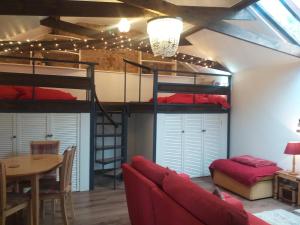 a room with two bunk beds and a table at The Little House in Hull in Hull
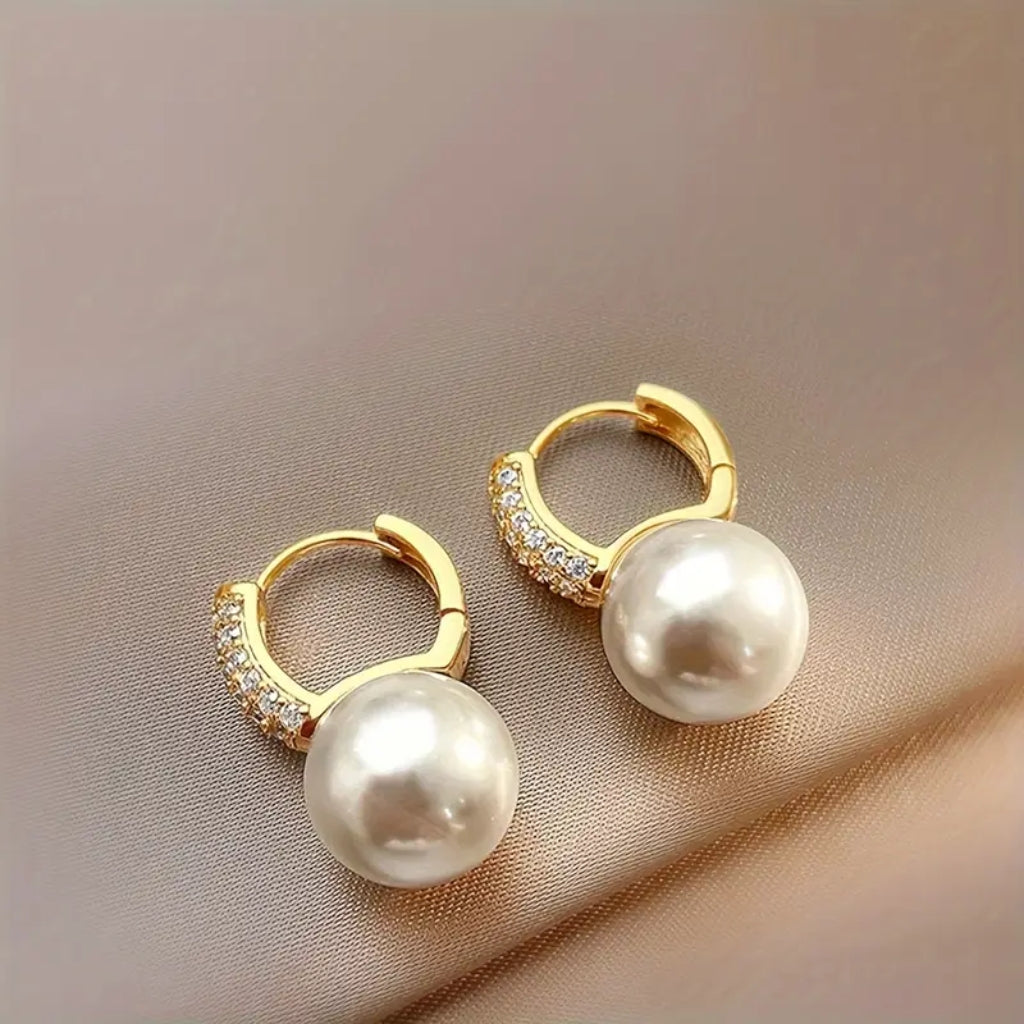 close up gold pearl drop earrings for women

++++++++

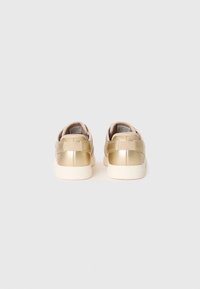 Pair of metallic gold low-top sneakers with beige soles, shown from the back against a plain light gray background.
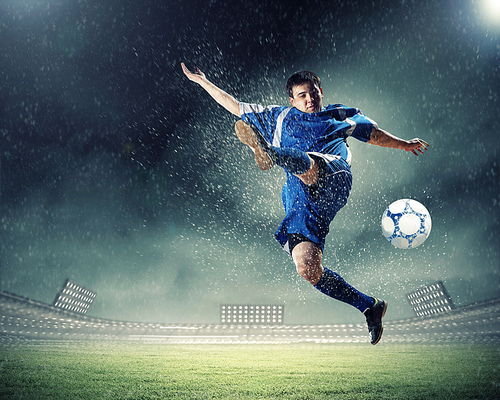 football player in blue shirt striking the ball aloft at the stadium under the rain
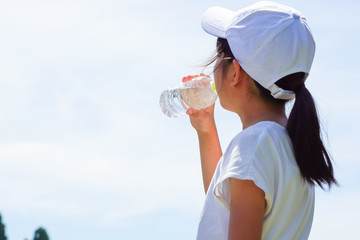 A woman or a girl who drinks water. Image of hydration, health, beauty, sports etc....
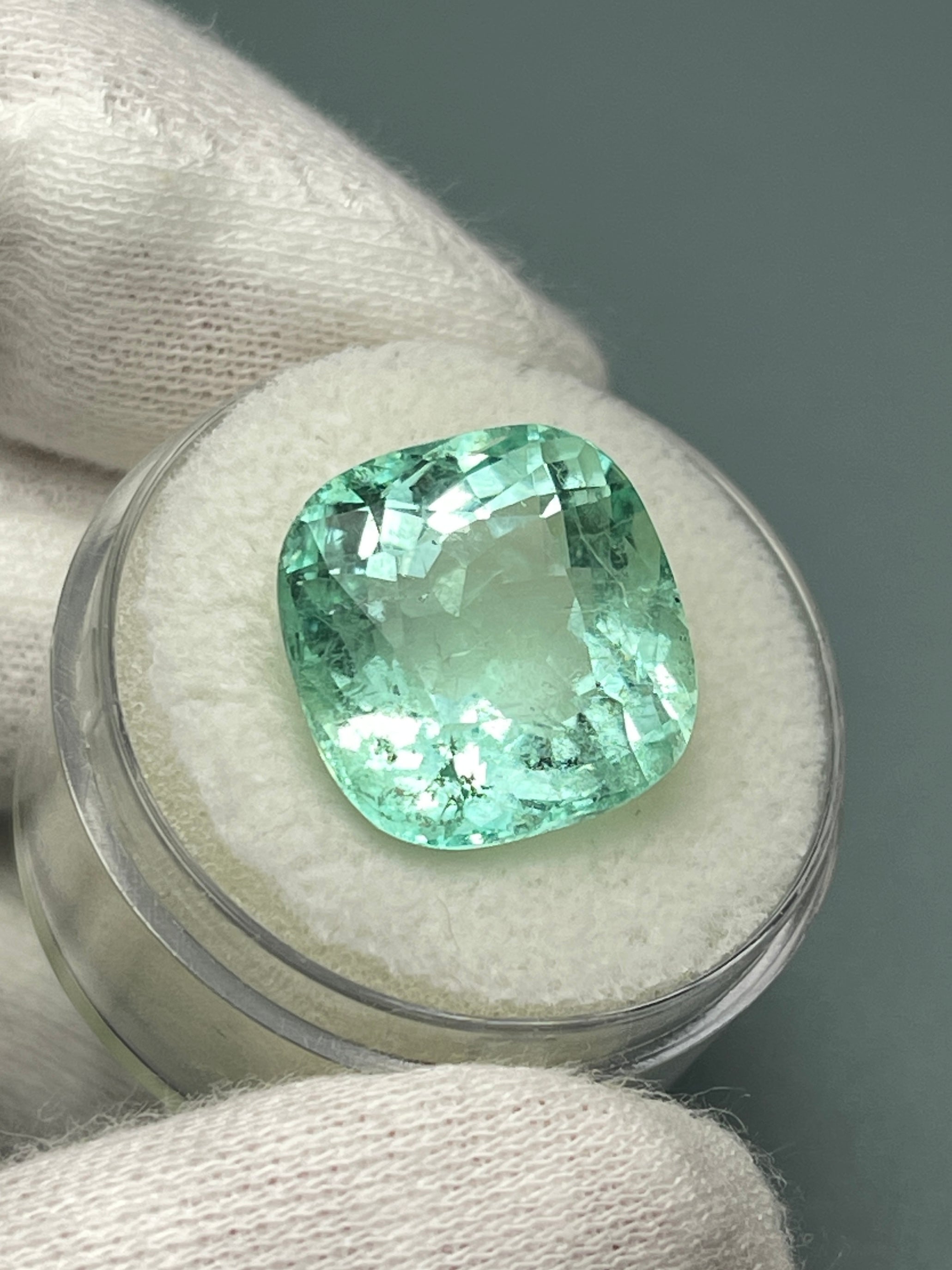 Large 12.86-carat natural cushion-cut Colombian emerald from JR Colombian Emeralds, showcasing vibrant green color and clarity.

++++++++

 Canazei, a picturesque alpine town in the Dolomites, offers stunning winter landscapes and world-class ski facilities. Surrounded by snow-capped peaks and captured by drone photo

++++++++

Going back to the data above, write out everything from the line with "football player in" down to the line with "Large 12.86-carat natural", both included, leaving every picture out.

▶ [Answer for this exercise]:
 football player in blue shirt striking the ball aloft at the stadium under the rain
 A woman or a girl who drinks water. Image of hydration, health, beauty, sports etc....
 Large 12.86-carat natural cushion-cut Colombian emerald from JR Colombian Emeralds, showcasing vibrant green color and clarity.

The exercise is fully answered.